DATASET EXCERPT START

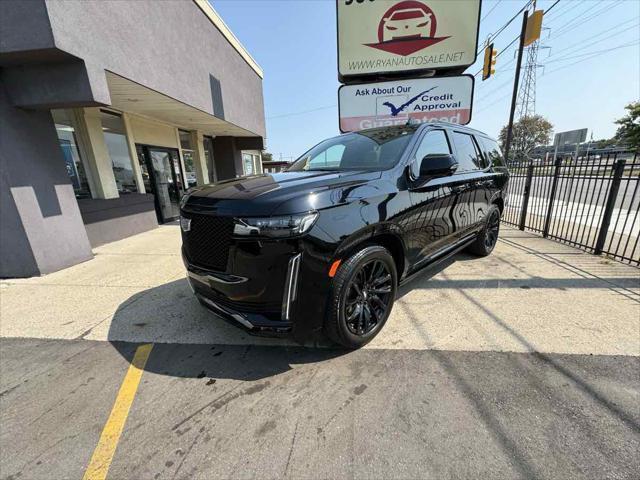 used 2023 Cadillac Escalade car, priced at $88,905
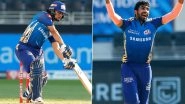 IPL 2022: Mumbai Indians Begin Preparation for IPL; Ishan Kishan, Rohit Sharma, Jasprit Bumrah Join Squad
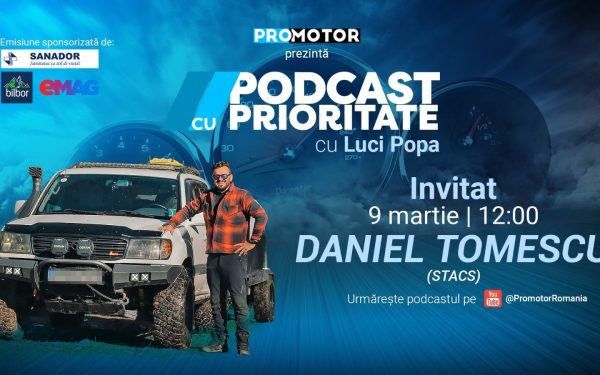 Daniel Tomescu de la STACS, la „Podcast cu Prioritate” #93, despre Nissan Silvia, BMW E46, drift și planuri pentru 2026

DATASET EXCERPT END

--- EXERCISE ---
Leaving out the pictures, restate the listing above exactly.

--- RESULT ---
 used 2023 Cadillac Escalade car, priced at $88,905
 IPL 2022: Mumbai Indians Begin Preparation for IPL; Ishan Kishan, Rohit Sharma, Jasprit Bumrah Join Squad
 Daniel Tomescu de la STACS, la „Podcast cu Prioritate” #93, despre Nissan Silvia, BMW E46, drift și planuri pentru 2026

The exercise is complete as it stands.